I glanced around anxiously. The sun, never far off, was circling back. The sky had started to blue. Even so, the shadows were deep enough to hide all manner of evils.

‘Look at this,’ said Greta, and even she couldn’t keep the emotion out of her voice. She pointed the torch down, wrist trembling slightly.

The crevasse was deep, maybe eight or nine metres. The walls bent and bowed, primitive shapes that seemed pregnant with meaning. The torch beam reflected brightly off them, all the way to the bottom.

A dark shadow lay flat against the ice.

Six

It was Hagger. Neither of us doubted it. We called his name; Greta threw down the cup from the Thermos to see if he would stir. He didn’t move.

‘I’m going down,’ she announced.

You don’t just go down into a crevasse — not if you want to make it out again. Greta spent half an hour driving screws into the ice, fixing pulleys and carabiners, and running a network of ropes between them. When she’d finished, she was webbed in a harness clipped to one end of the rope; I held the other.

‘Slowly,’ she told me. ‘I tug once, it means you stop. Two tugs, I’m down.’
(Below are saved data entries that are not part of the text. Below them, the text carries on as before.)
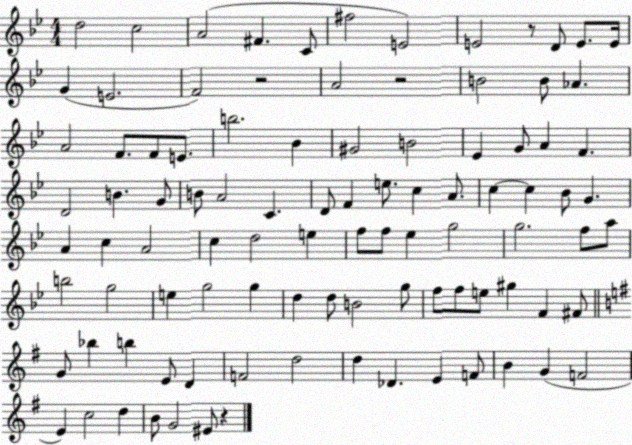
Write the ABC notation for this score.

X:1
T:Untitled
M:4/4
L:1/4
K:Bb
d2 c2 A2 ^F C/2 ^f2 E2 E2 z/2 D/2 E/2 E/4 G E2 F2 z2 A2 z2 B2 B/2 _A A2 F/2 F/2 E/2 b2 _B ^G2 B2 _E G/2 A F D2 B G/2 B/2 A2 C D/2 F e/2 c A/2 c c _B/2 G A c A2 c d2 e f/2 f/2 _e g2 g2 f/2 a/2 b2 g2 e g2 g d d/2 B2 g/2 f/2 f/2 e/2 ^g F ^F/2 G/2 _b b E/2 D F2 d2 d _D E F/2 B G F2 E c2 d B/2 G2 ^E/2 z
Standing well back, I paid out the rope. I didn’t like to think what would happen if she fell. I imagined the jerk of the rope, my feet slipping over the ice towards the edge of the hole. Would I hold on? Let go? I remembered Quam: the biggest danger in a situation like this is people trying to play the hero.
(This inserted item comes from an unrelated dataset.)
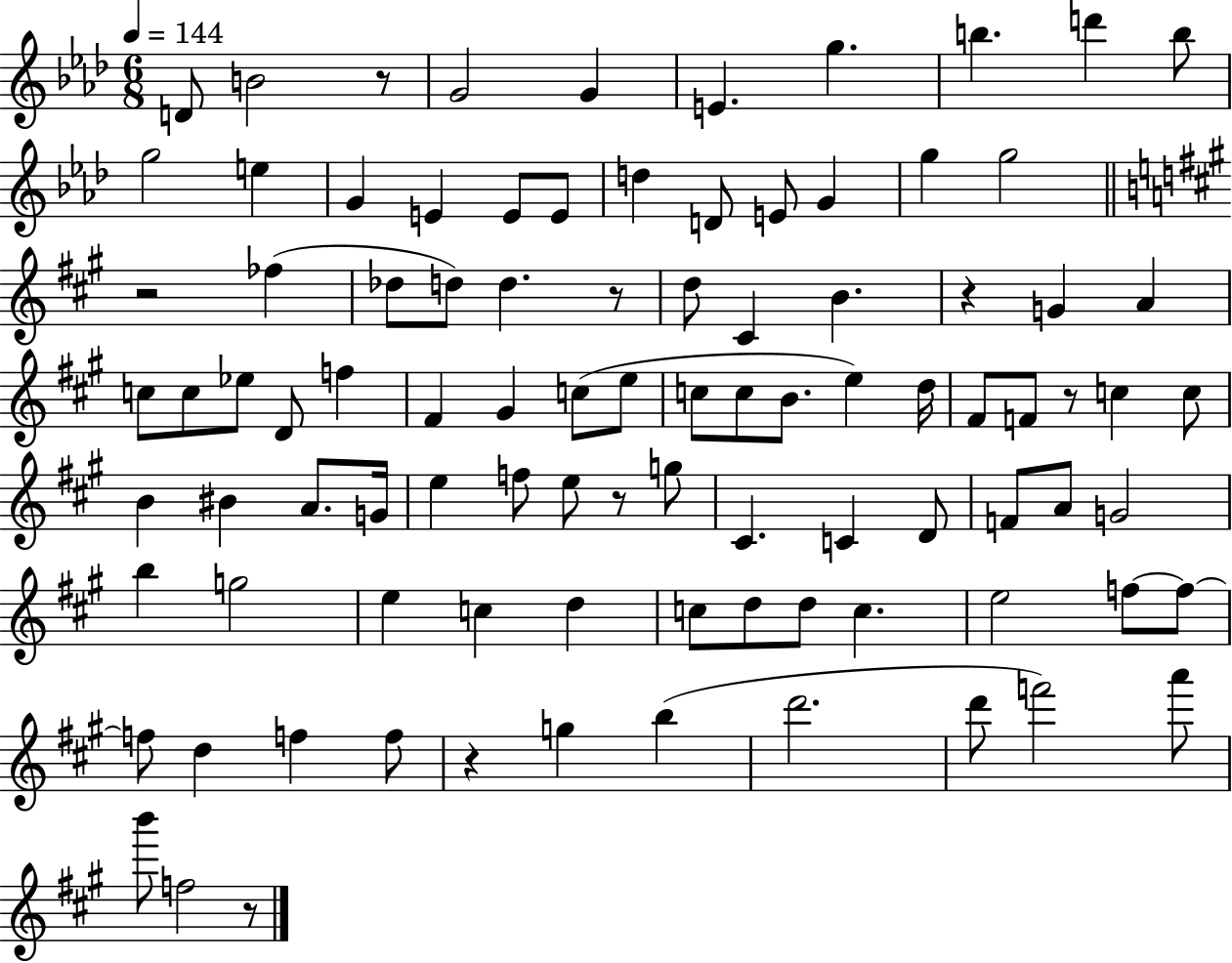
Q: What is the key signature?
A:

The rope went slack. Two tugs told me she’d got down safely. I crawled to the edge of the crevasse and peered in.

Hagger still hadn’t moved. Greta knelt beside him. She took off her mitten and wriggled her bare hand under the collar of his balaclava. It stayed there a long time.

‘Well?’ I called.

She shook her head.

* * *

Hagger was still wearing his climbing harness. Greta clipped him on to the rope, then added a loop around his chest so he wouldn’t spin. I lay on the ground and watched from above. Compact snow pressed hard against me; the cold seeped into my chest.

And something was digging into my ribs. I rolled over and scrabbled in the snow, expecting a pebble or a lump of ice. Instead, through my mitten, I felt something unmistakably man-made.

It was a key. A perfectly ordinary flat Yale key, attached to a teddy-bear key ring. The bear wore a T-shirt, grubby with fingerprints, that said INY.

I stared at it and wondered how it had got there. Had it fallen out of Hagger’s pocket? There are no locks at Zodiac. Why did he need a key?

I zipped it into my pocket. Greta had finished with Hagger. She climbed the second rope, and together we pulled up the body. The hardest part was getting it over the cliff. Greta chopped a ramp in the crevasse lip with her ice axe, and I hauled him over. Like landing a fish.

‘He’s frozen stiff,’ I said. Not just the body — his coat and trousers were solid ice, as if they’d been soaked through and then frozen. How had he possibly contrived to get wet? The glaciers wouldn’t start melting for months, and we were a long way from the coast.